En el caso de las togas, mi desconfianza innata se ha visto
reforzada por alguna experiencia nefasta e indirecta en el mundo de los
tribunales y por los años de profesión en que anduve ocupándome de la
información de los tribunales. El único consuelo que me queda es que, en alguna
ocasión, la justicia que no es justa puede llegar a ser poética. Lo puede
comprobar cuando, por mor de un tramposo y ambiguo contrato de arrendamiento,
se vio obligado a vender al arrendatario del local que era el resultado del trabajo
de toda su vida por un precio fijado en el momento de la firma. El quid de la
cuestión y del fallo judicial estuvo en interpretar que pese a que figuraba
como una opción, tal opción obligaba a la venta. A mi padre le costó la salud,
la minuta del abogad y las costas del juicio. Podría haber recurrido el
fallo, pero la salud mandaba. La paradoja es que, al final, justicia
se hizo poética cuando el avispado arrendatario sigue sin poder vender, ni al
ventajoso precio a que entonces lo compró, el local que ha tenido que
cerrar.
Esta digresión personal viene a cuento de que,
desgraciadamente, justicia y jueces no tienen por qué ir de la mano y a que,
cuando se entra en un juzgado, tiene más posibilidades de salir triunfante el
más avisado y no el que lleva la razón. Lo estamos viendo continuamente,
porque continuamente observamos cómo quien tiene dinero y poder para rodearse
de una buena cohorte de abogados tiene, salvo excepciones, más posibilidades de
salir indemne o beneficiado de los tribunales. O es que hay alguien capaz
de creer que otro que no fuese Miguel Blesa, un vulgar chorizo o un estafador
de poca monta, por ejemplo, hubiese podido salir de prisión tan
fácilmente, pese a que el montante de su delito no llegase ni a la centésima parte
de los 36 millones del crédito que sin garantías, más bien al contrario,
concedió a su amigo Gerardo Díaz Ferrán.
Me diréis que la instrucción del juez Silva no ha sido
ejemplar, que quizá se ha dejado llevar por la pasión, que quizá haya habido
también algo de animadversión hacia el poderoso que se va de rositas y con
una pensión de libro, después de haber hundido Caja Madrid y de haber estafados
a decenas de miles de sus clientes, arrebatándoles sus ahorros.

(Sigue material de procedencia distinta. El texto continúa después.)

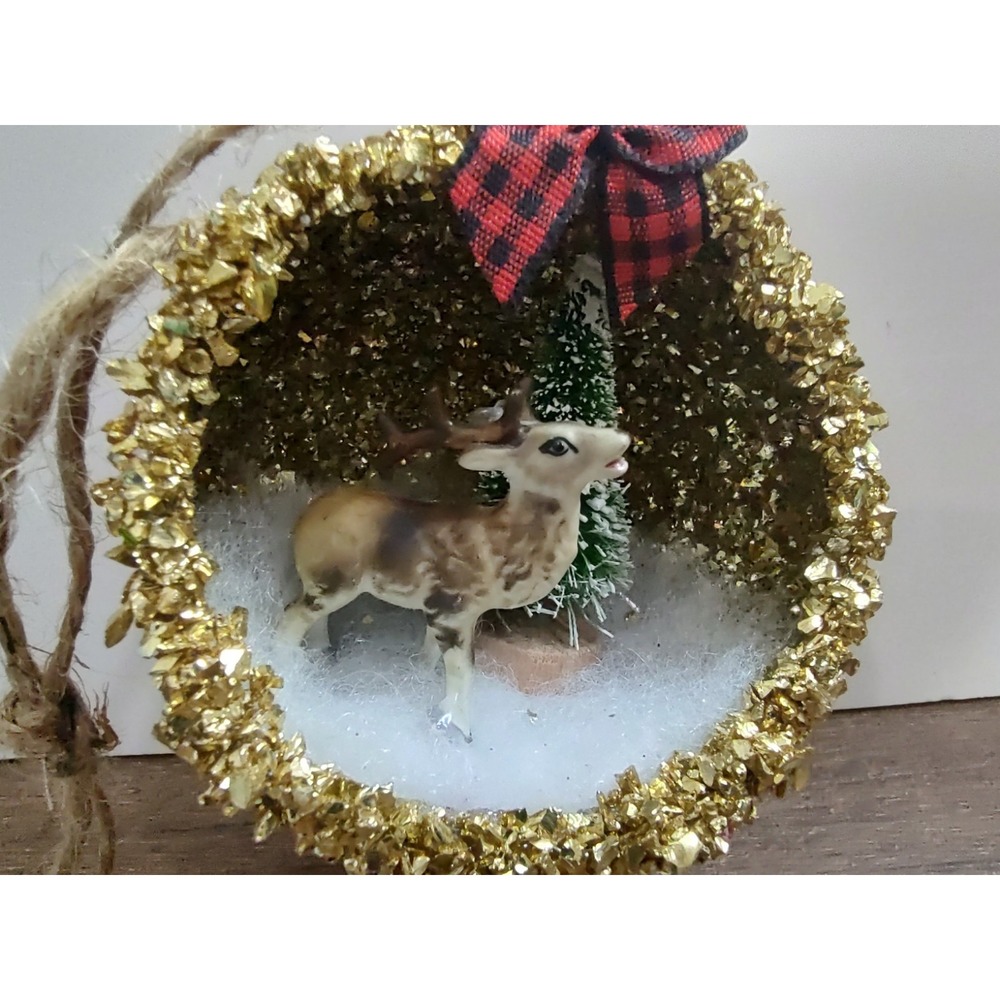 Elk Deer Claus Christmas Ornament Handmade OOAK VTG Style Diorama Gold Glitter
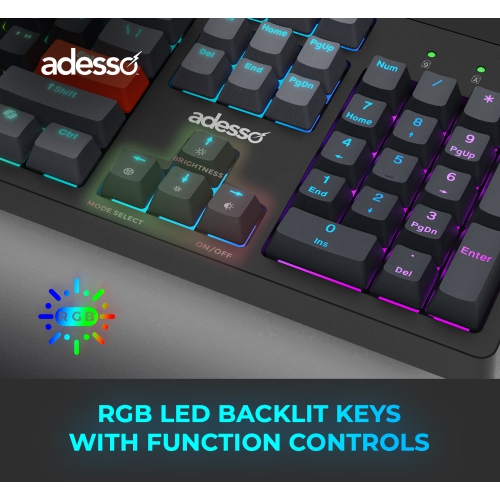 Adesso EasyTouch 1300 RGB Mechanical Keyboard – 104-Key, Wired/Wireless/Bluetooth, Hot-Swappable, QMK/VIA, Copilot Key, USB-C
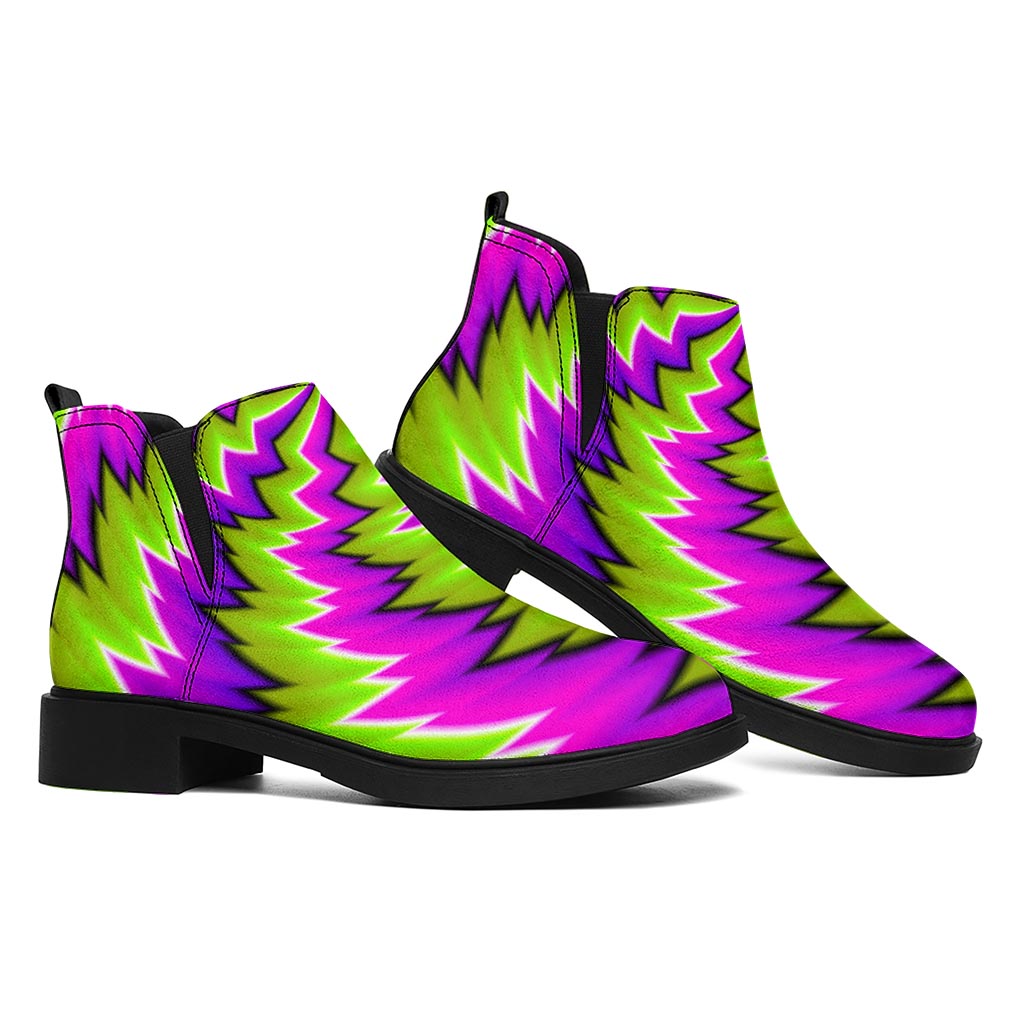 Green Vortex Moving Optical Illusion Flat Ankle Boots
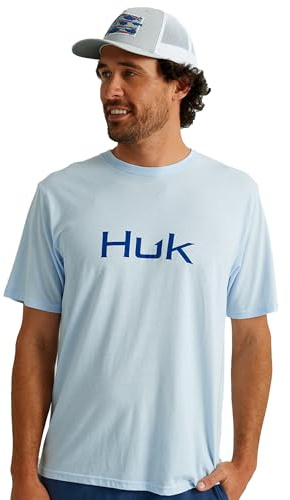 HUK Mens Performance Fishing Logo Tee, Short Sleeve, Quick-Dry, Logo 2.0 - Ice Blue, X-Large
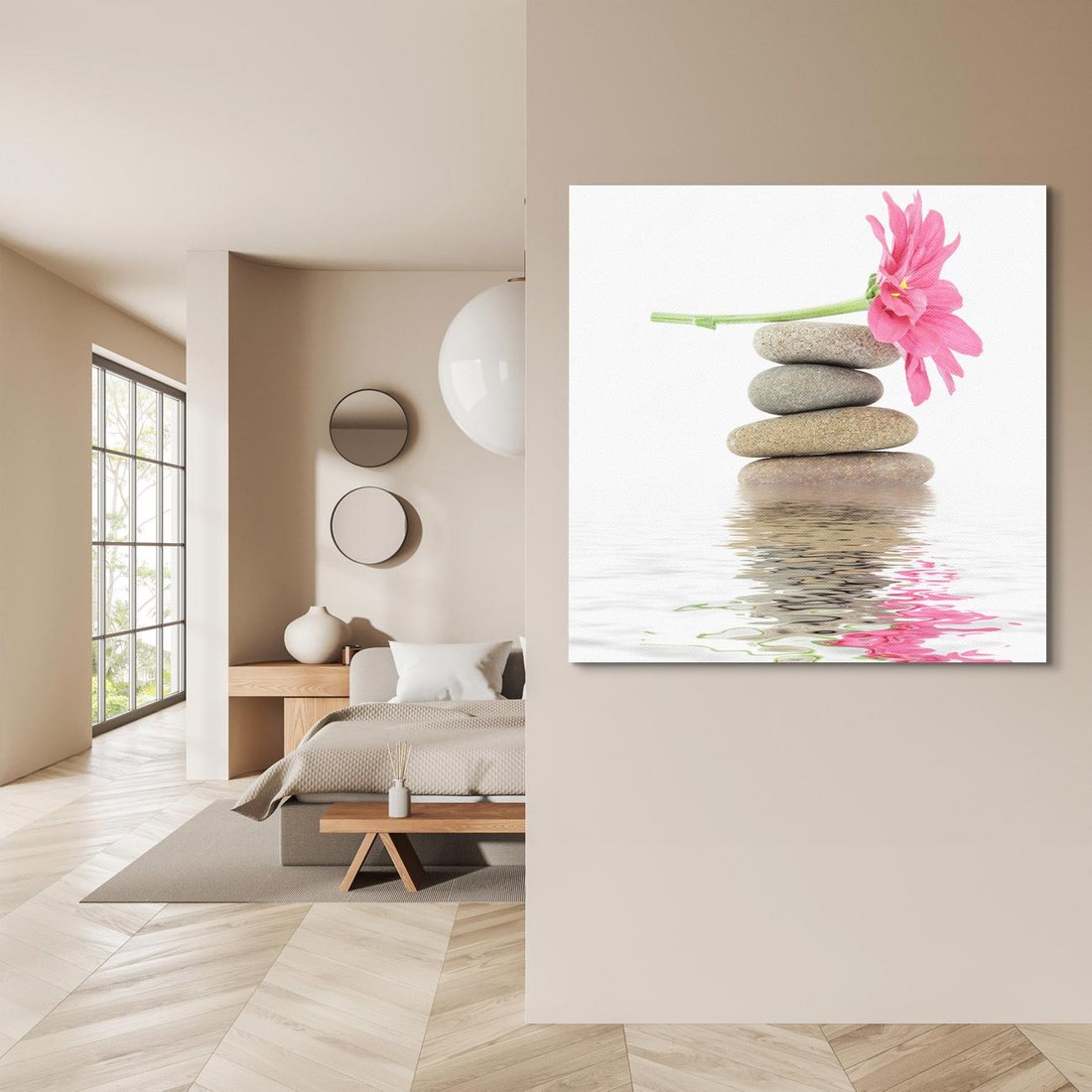 Obraz na płótnie 70x70 - Kwiatowe japońskie spa - japońskie, spa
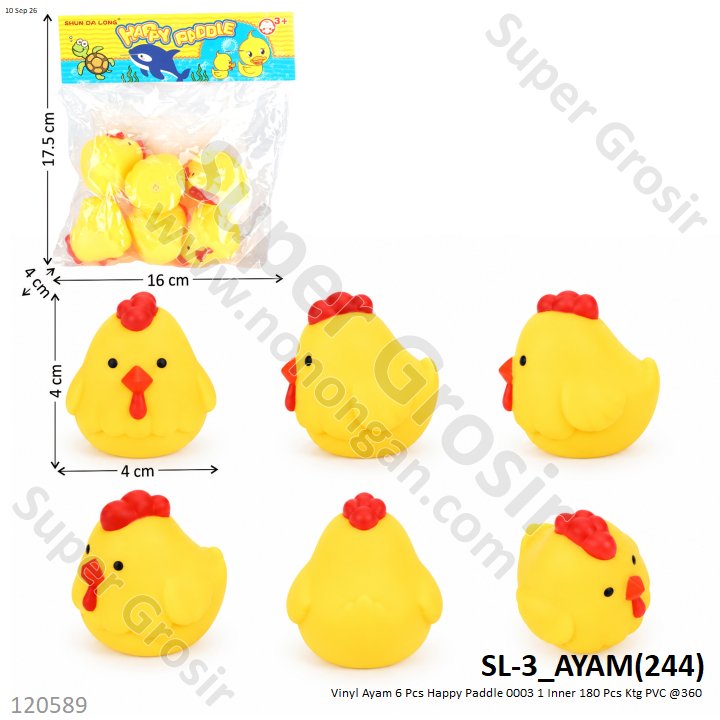 Vinyl Ayam 6 Pcs Happy Paddle 0003 1 Inner 180 Pcs Ktg PVC @360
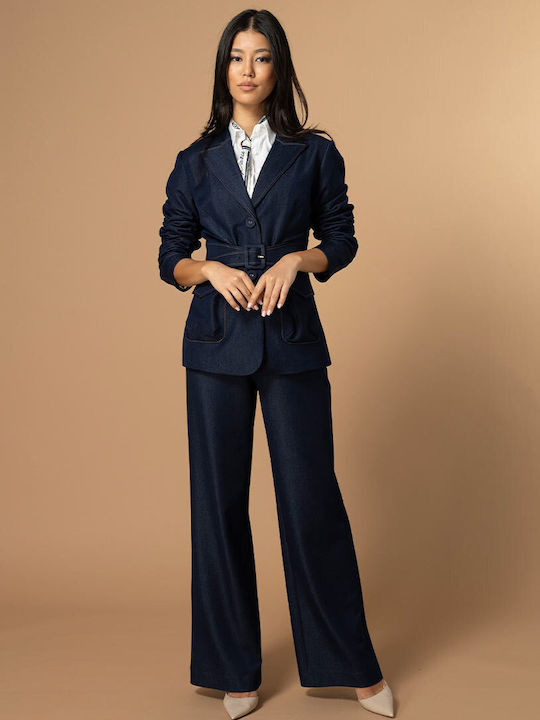 Hermosa Sabina Sacou de damă scurt Navy Blue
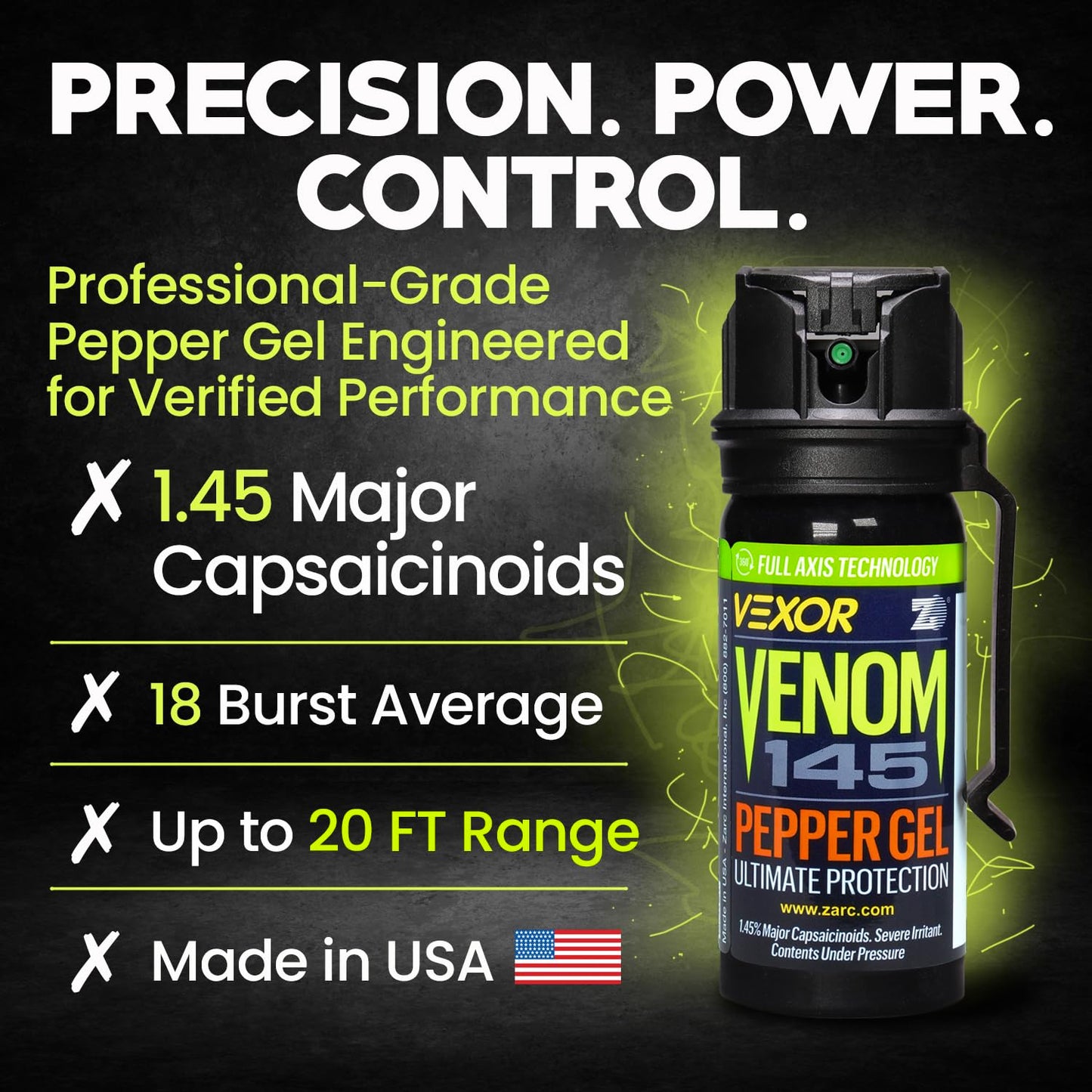 VEXOR Venom Pepper Gel Spray, 1.45% Major Capsaicinoids, Up to 20 ft Range, 18 Bursts, Belt Clip, Made in USA, 1 Pack, 1.8 fl oz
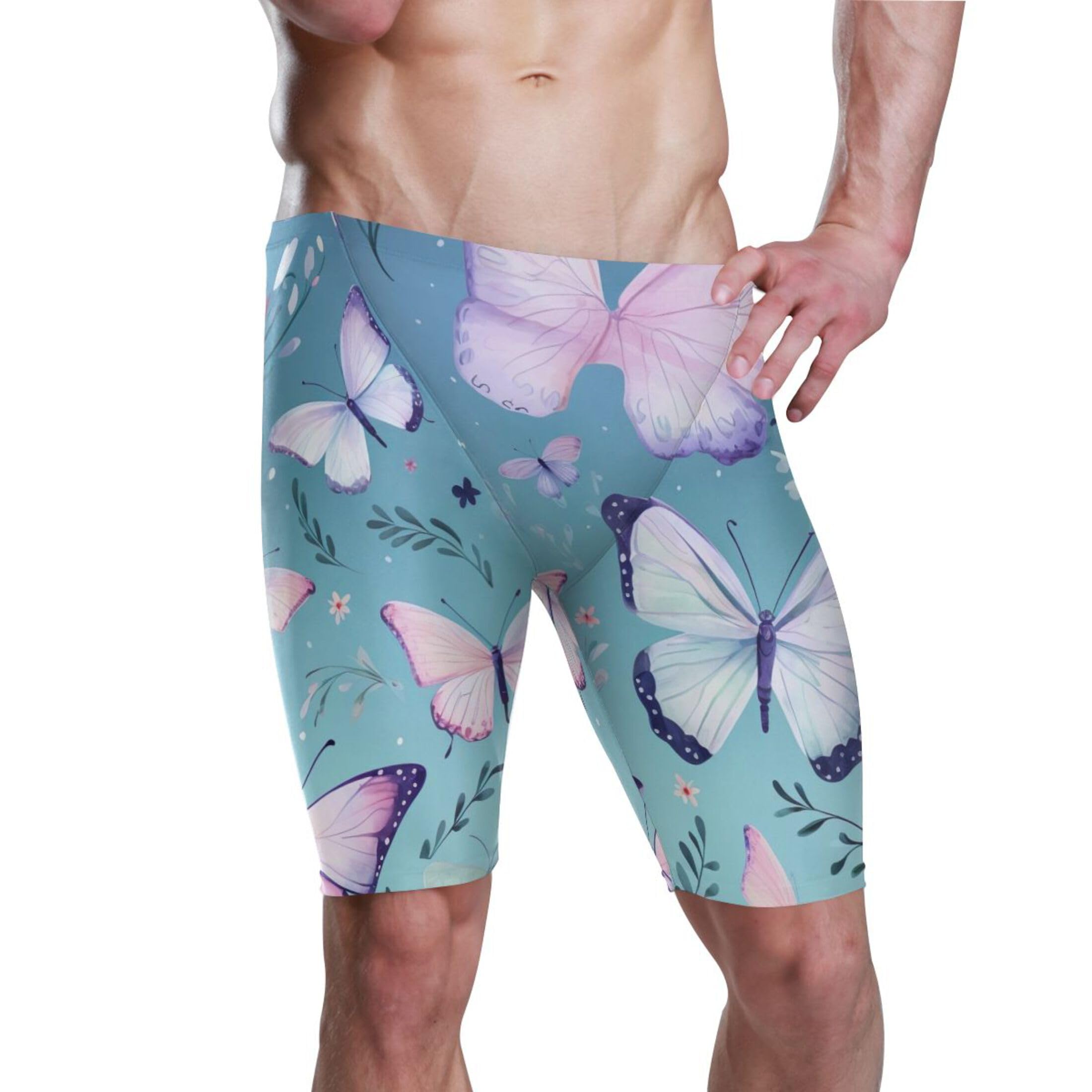Color Butterfly Men's Swim Jammers Swimsuit M B0401688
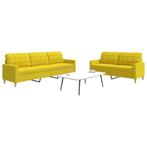 vidaXL 2-delige Loungeset stof lichtgeel, Verzenden, Nieuw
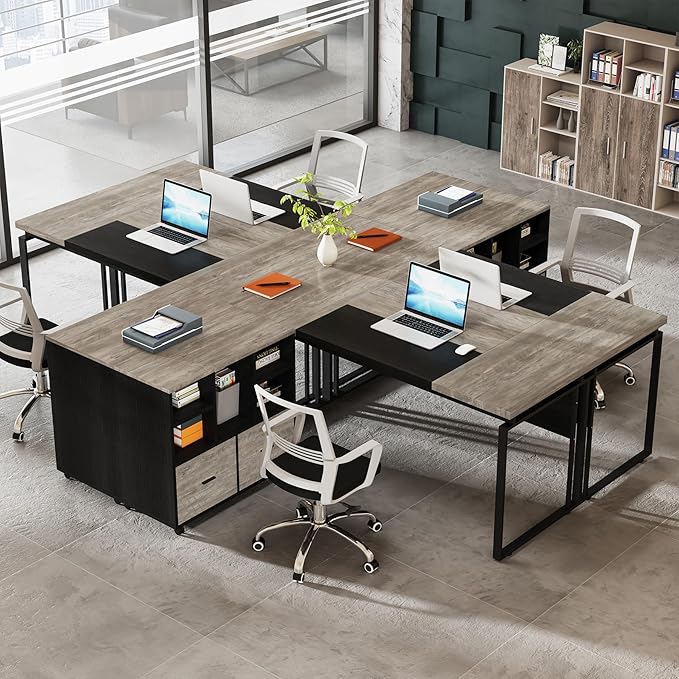Tribesigns L-Shaped Executive Desk with Reversible File Cabinet, 63" Office Desk with Storage Drawers, L-Shaped Computer Desk with Drawer Cabinet for Hanging Letter Size Files (Gray & Black)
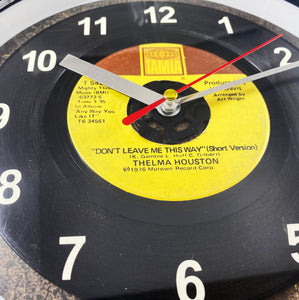 Thelma Houston "Don't Leave Me This Way" Record Clock 45rpm Recycled Vinyl Record Wall Clock One Of A Kind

Sin embargo, el método es el método y, en los asuntos de la
justicia que tiene que ver con las togas, el procedimiento es lo que manda. Y
tiene su lógica, porque si no fuese así, de qué vivirían los grandes bufetes de
abogados, cómo desmontarían verdades evidentes, cómo conseguirían una segunda
oportunidad para que los urdidores del caso Naseiro se zambullesen en la trama
Gürtel. Es verdad, el método es el método. El método puede apartar de algunos
casos y de la misma carrera judicial a los jueces incómodos con el poder. Ahí
tenemos a Garzón que, a su manera, es verdad, consiguió llevar al sanguinario
Pinochet ante los tribunales.
Ahora le ha tocado el turno al juez Elpidio José Alonso, de
cuyas presuntas rarezas hemos sabido más, en apenas un mes, que del asunto que
trataba en su juzgado. Y todo porque ha dado con un poderoso que ha afilado sus
garras y ha puesto en marcha toda su maquinaria, haciendo circular dosieres por
las redacciones, para presentarle como un juez raro y peculiar, lleno de
trampas, capaz de ensañarse con el pobre Miguel Blesa, al que ni siquiera ha
dejado casarse tranquilo.
Decía que tengo tendencia a desconfiar de las togas y de los
disfraces que dan autoridad, es más, sinceramente creo que algunos de quienes
se presentan a la judicatura lo hacen porque oposiciones para la plaza de dios
hace mucho que no salen. Pero, aún así, hay jueces y jueces. Hay jueces Robin
Hood toman partido por los débiles y hay jueces que, como Pilatos, se quedan siempre a la sombra del poder.